— GIVEN DATA —

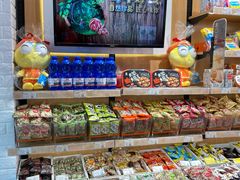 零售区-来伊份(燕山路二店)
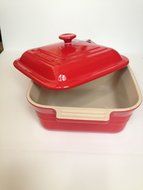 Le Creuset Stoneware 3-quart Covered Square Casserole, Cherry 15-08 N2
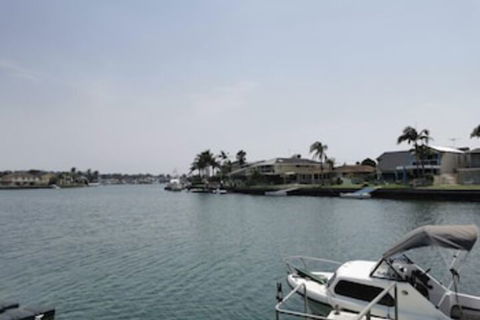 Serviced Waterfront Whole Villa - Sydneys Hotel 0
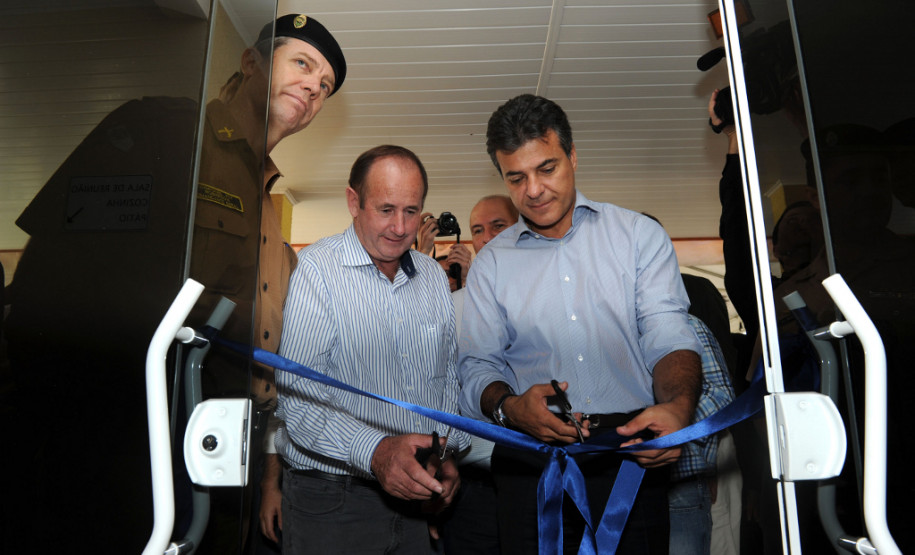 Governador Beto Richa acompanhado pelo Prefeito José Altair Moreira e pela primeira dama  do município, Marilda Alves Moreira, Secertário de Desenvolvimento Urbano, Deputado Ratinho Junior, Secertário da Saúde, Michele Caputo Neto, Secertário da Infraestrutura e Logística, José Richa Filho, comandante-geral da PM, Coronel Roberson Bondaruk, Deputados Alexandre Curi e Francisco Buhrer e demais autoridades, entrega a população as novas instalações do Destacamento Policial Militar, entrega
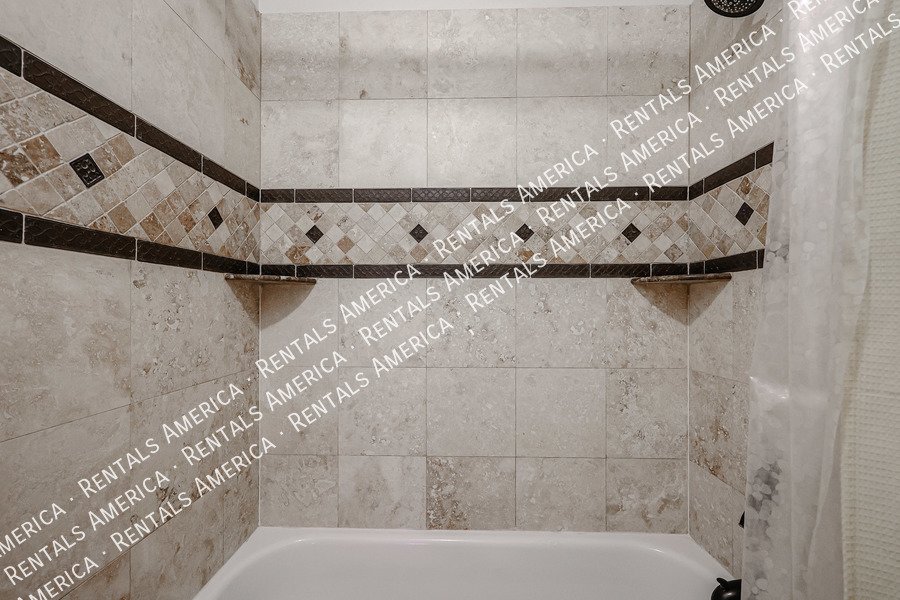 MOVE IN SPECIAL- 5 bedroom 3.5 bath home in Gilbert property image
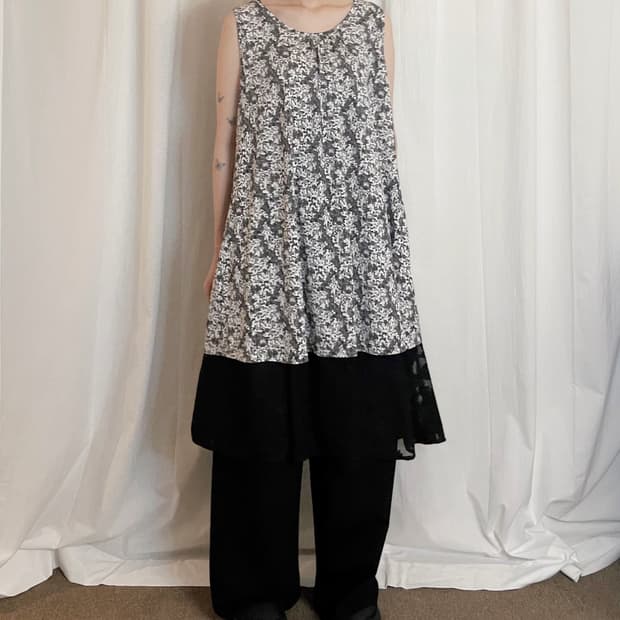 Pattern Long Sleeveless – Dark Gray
==
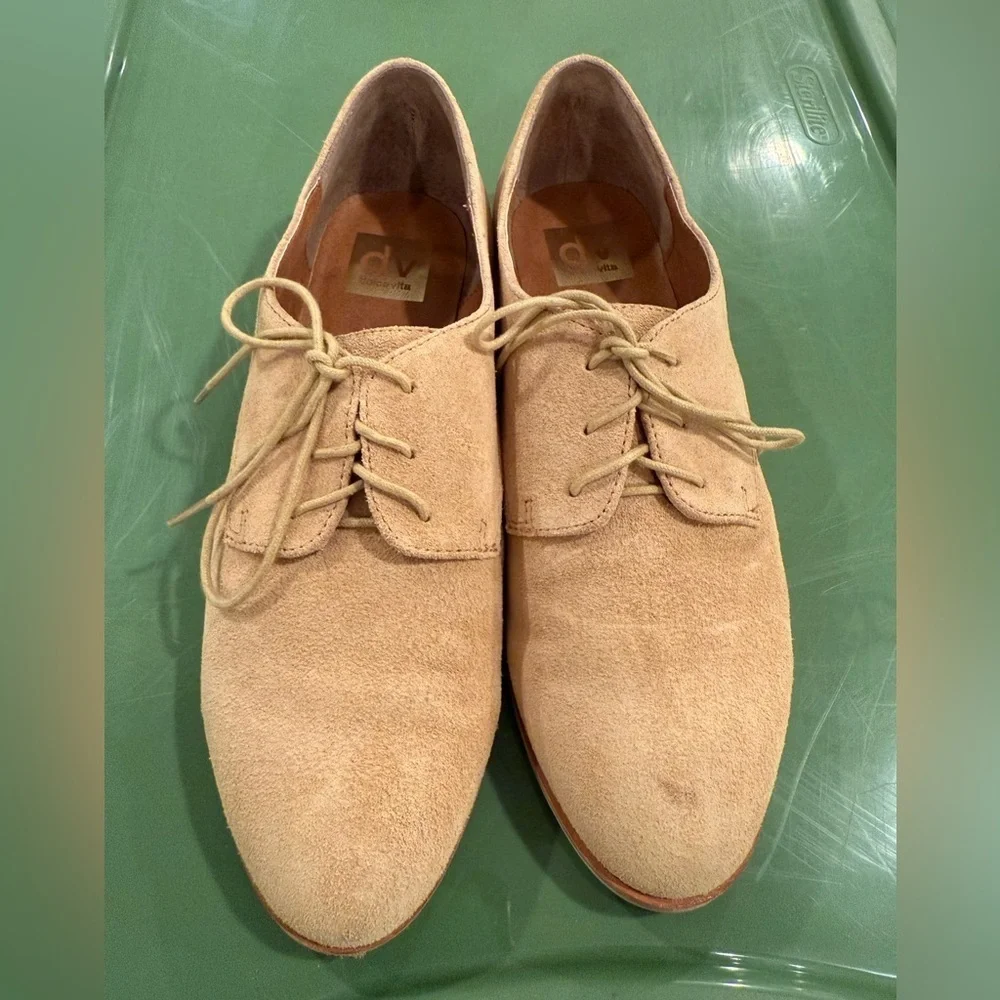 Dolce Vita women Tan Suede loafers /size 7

— EXERCISE DETAILS —
The lines to reproduce run from the one above containing "零售区-来伊份(燕山路二店)" through the one containing "Pattern Long Sleeveless – Dark Gray". Copy them exactly and leave out all pictures.

— SOLUTION FOR THIS TASK —
 零售区-来伊份(燕山路二店)
 Le Creuset Stoneware 3-quart Covered Square Casserole, Cherry 15-08 N2
 Serviced Waterfront Whole Villa - Sydneys Hotel 0
 Governador Beto Richa acompanhado pelo Prefeito José Altair Moreira e pela primeira dama  do município, Marilda Alves Moreira, Secertário de Desenvolvimento Urbano, Deputado Ratinho Junior, Secertário da Saúde, Michele Caputo Neto, Secertário da Infraestrutura e Logística, José Richa Filho, comandante-geral da PM, Coronel Roberson Bondaruk, Deputados Alexandre Curi e Francisco Buhrer e demais autoridades, entrega a população as novas instalações do Destacamento Policial Militar, entrega
 MOVE IN SPECIAL- 5 bedroom 3.5 bath home in Gilbert property image
 Pattern Long Sleeveless – Dark Gray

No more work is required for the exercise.